▶ WHAT IS BEING ASKED
Your copy should match the listing below word for word, with no images in it.

▶ DATA SEGMENT
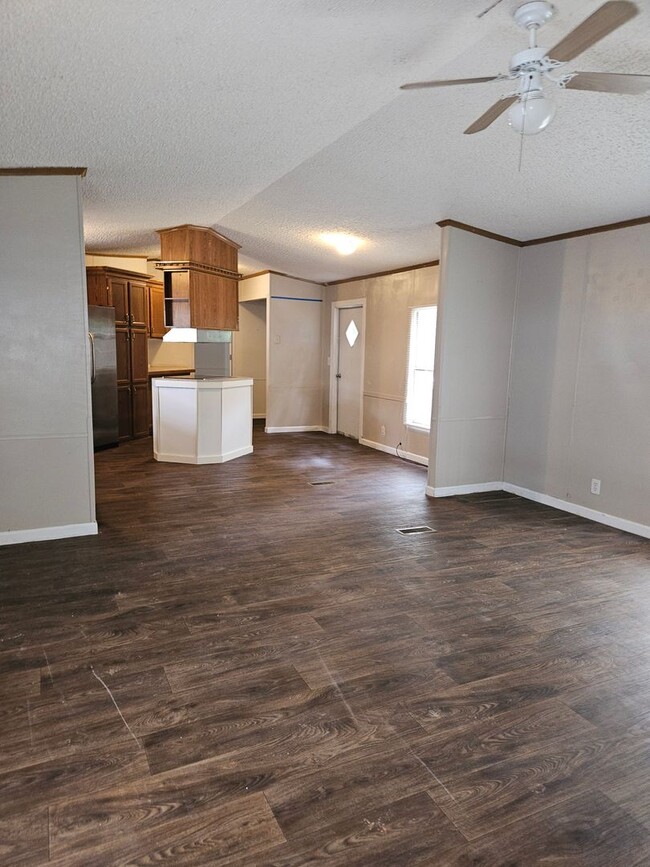 Building Photo - Beautiful Fully Remodeled Three Bed Two Ba...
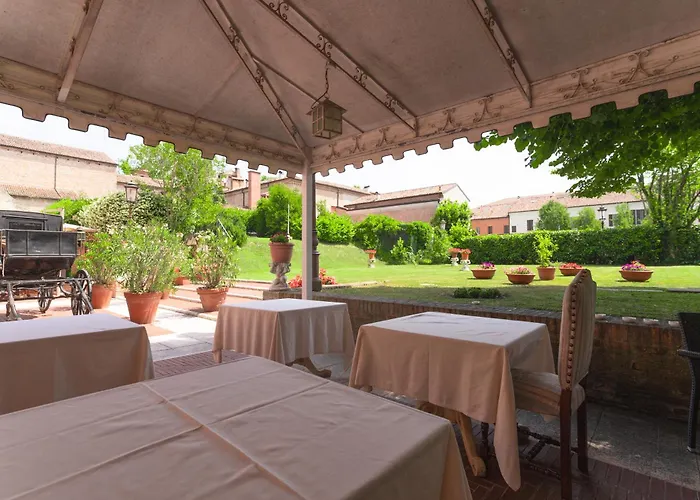 & Duchessa Isabella Collection By Gsa 酒店 费拉拉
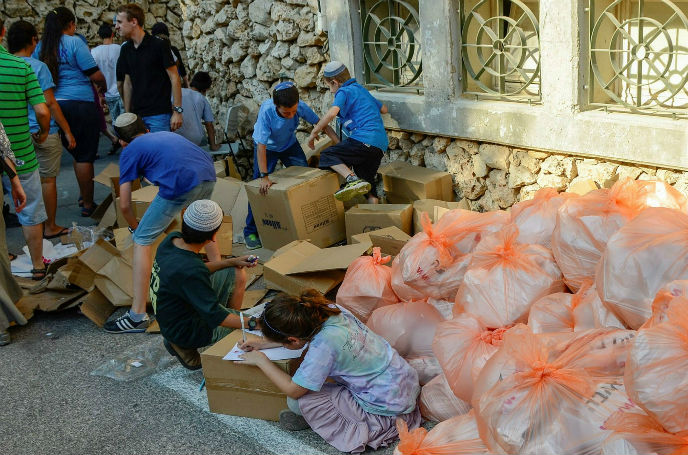 Non profit organization Thank Israeli Soldiers holds a care package event in Jerusalem. Photo by Flash90.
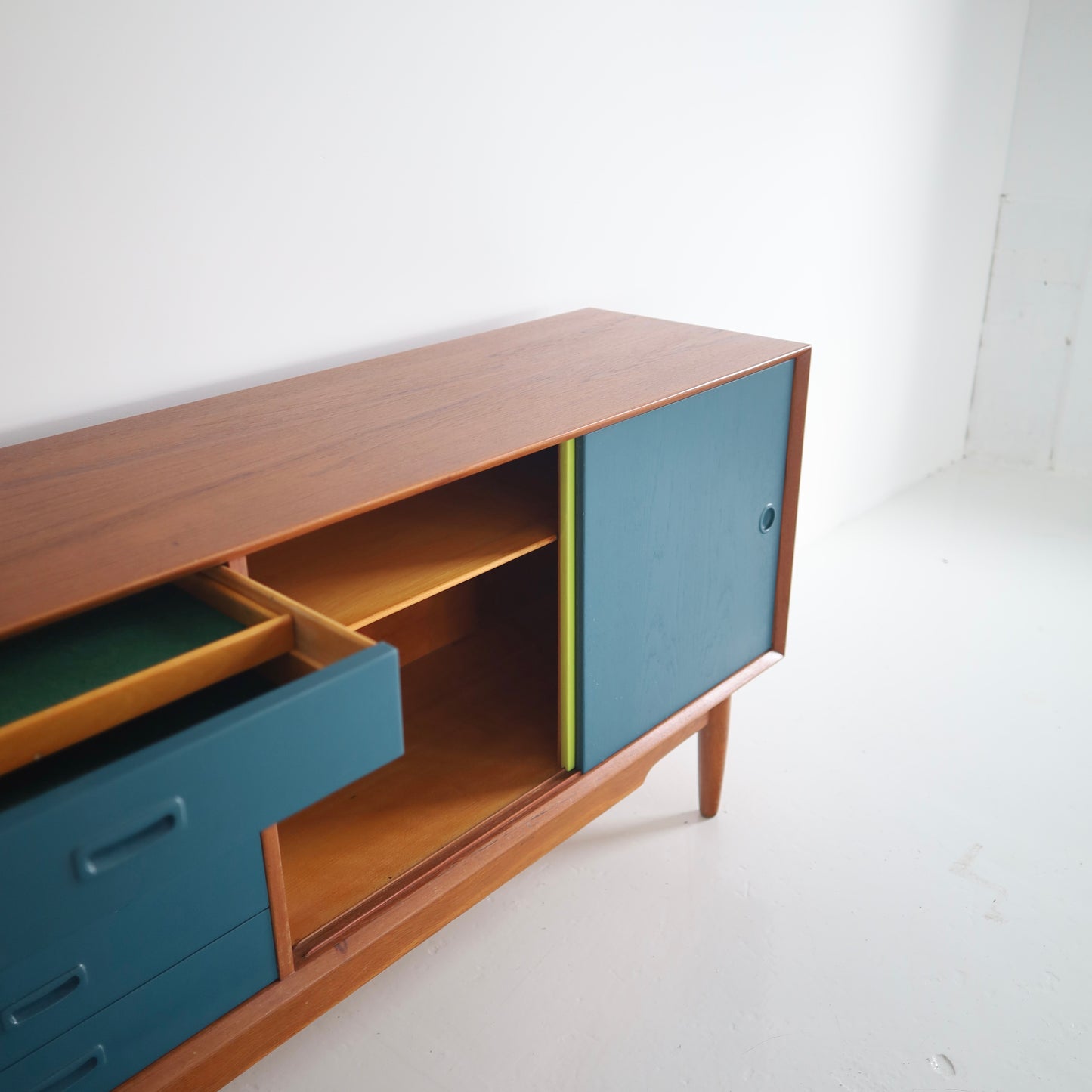 Omann Jun Sideboard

▶ SOLUTION FOR THIS EXERCISE
 Building Photo - Beautiful Fully Remodeled Three Bed Two Ba...
 & Duchessa Isabella Collection By Gsa 酒店 费拉拉
 Non profit organization Thank Israeli Soldiers holds a care package event in Jerusalem. Photo by Flash90.
 Omann Jun Sideboard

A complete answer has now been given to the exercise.